White House deputy CTO for open government Beth Noveck returns to teaching
Beth Simone Noveck, director of the White House Open Government Initiative, and U.S. deputy chief technology officer, will return to academia as a professor of law at New York Law School on January 15th 2010.
Noveck is the author of “Wiki Government,” where she wrote about using social networking technology to connect people to policymakers.
People in the open government community began to thank her for her service today. “We’re lucky to have brilliant & dedicated leaders (& working moms!) like Beth Noveck serving our country. Thx, Beth & good luck!” tweeted Twitter’s Katie Stanton, a former colleague at the White House.
More details will emerge on who will take on Noveck’s role at the White House in the coming weeks. For more on Noveck’s open government legacy, look back at her work on leveraging on the civic surplus, next steps for open government, the relaunch of the Federal Register and designing democracy with “ExpertNet,” a proposed a citizen consultation platform.

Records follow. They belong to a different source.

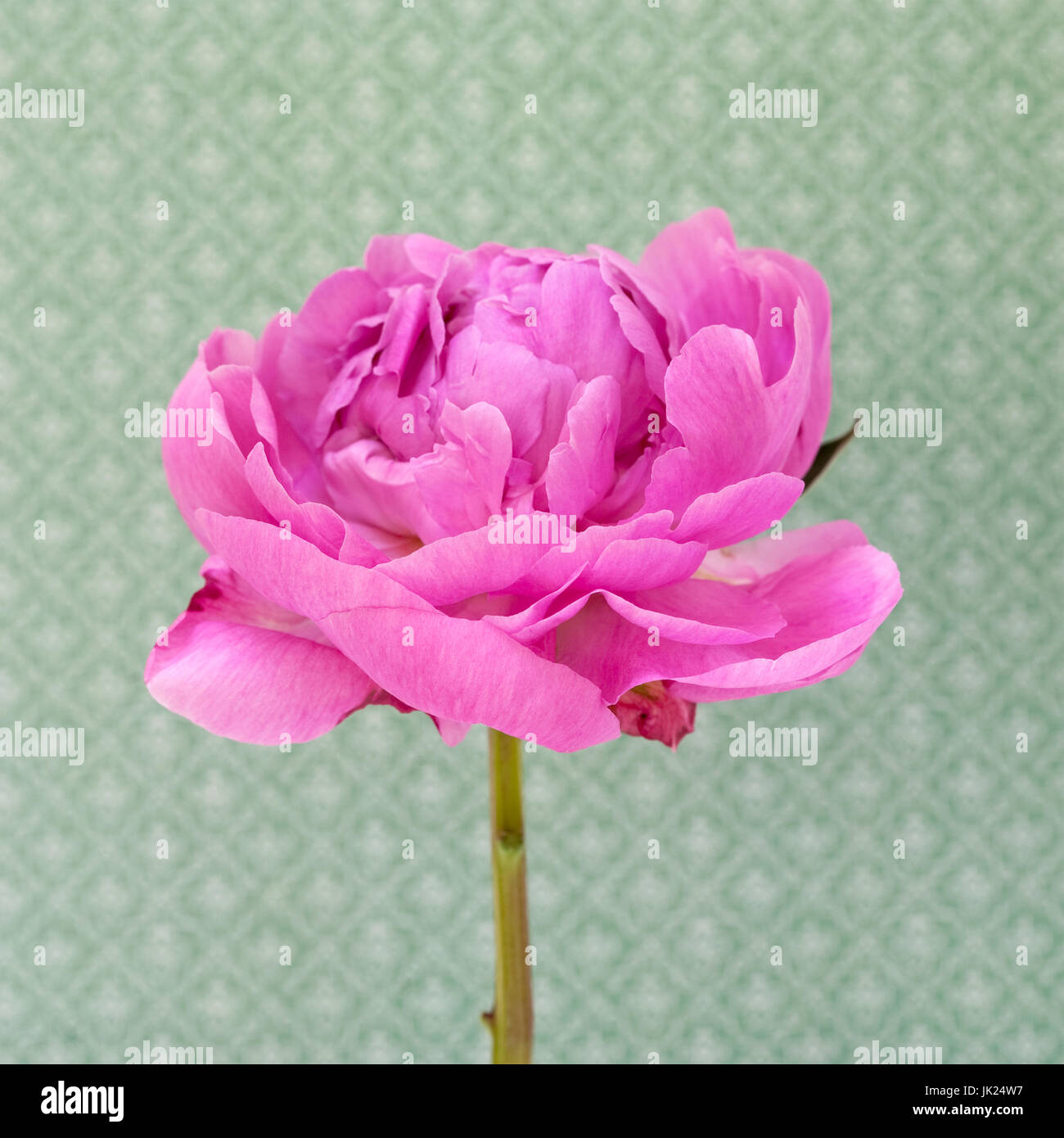 Un gros plan d'une étude de la pivoine rose - le docteur Alexander Fleming. Banque D'Images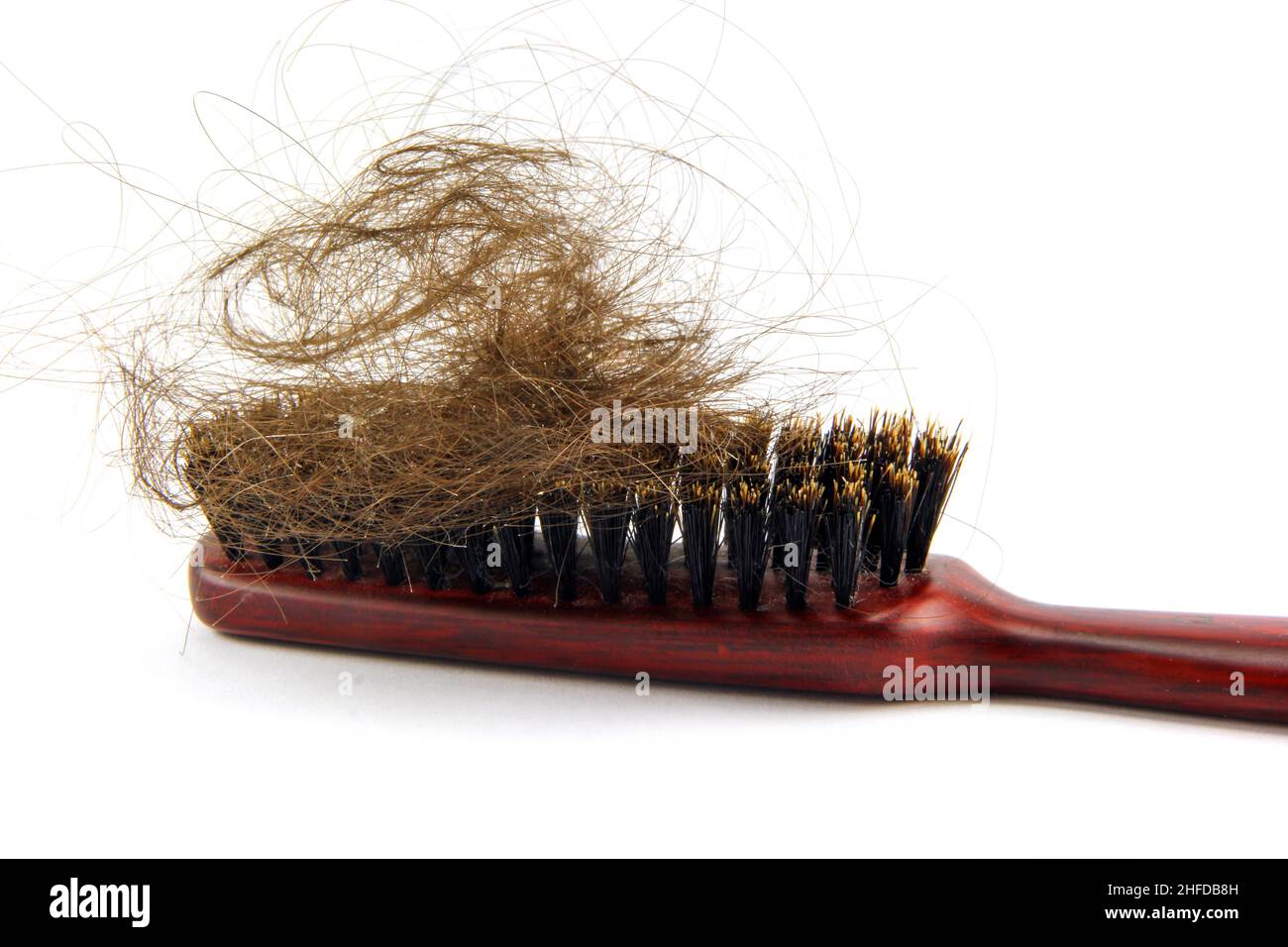 Concept de perte de cheveux, cheveux endommagés sur la brosse.Isolé sur blanc. Banque D'Images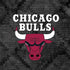 NBA Chicago Bulls Dark Rust Nintendo 2DS XL (2017) Skin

UPDATEOn January 11, the John D. and Catherine T. MacArthur Foundation awarded Noveck a grant “to apply her expertise to developing a multi-year interdisciplinary research agenda to gauge the impact of digital networks on institutions,” including how society can use technology to strengthen democratic culture.
“The Foundation’s interest in public sector innovation as a potential longer term area for focused investment is testament to Beth’s success—through her research, writing, and public service—at putting the topic of 21st century democracy on the national agenda,” said Dean and President Richard A. Matasar. “We are delighted to have her back.”
According to the MacArthur Foundation, Noveck is now working with colleagues both inside and outside of government on the design for “IOPedia,” a platform for mashing up and visualizing public corporate accountability data and tracking the evolution of organizations.
“I am proud to have helped fulfill the president’s historic commitment to promoting an open and innovative government—one that uses openness and collaboration as core elements of governance and policy making,” Noveck said in a statemnt. “I look forward to working with students and the wider open government community to continue my research and advocacy to promote the adoption of public sector innovations.”